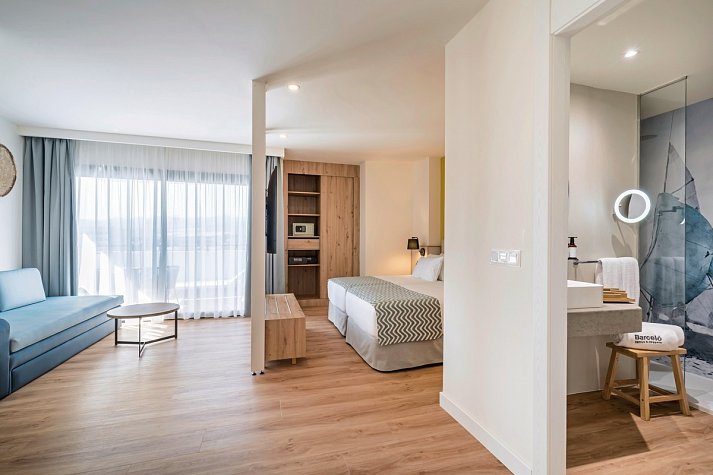 Barceló Margaritas ROYAL LEVEL - Wohnbeispiel Juniorsuite Deluxe (Zimmercodierung JD1)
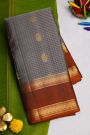 Coimbatore Soft Silk Grey Saree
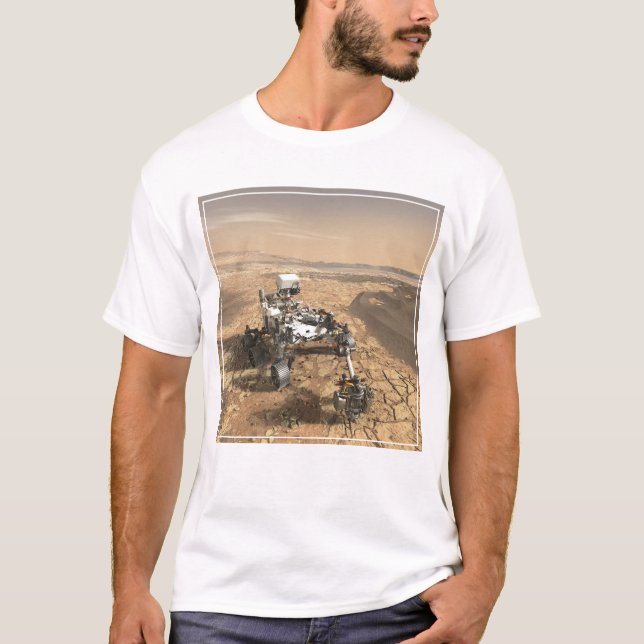 Mars 2020 Rover On The Surface Of Mars. T-Shirt (Front)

**Problem:** Begin at the line containing "Coimbatore Soft Silk Grey Saree" and stop at the last line of the data. Repeat only those lines, exactly, and leave out the pictures.

**Output for this task:**
 Coimbatore Soft Silk Grey Saree
 Mars 2020 Rover On The Surface Of Mars. T-Shirt (Front)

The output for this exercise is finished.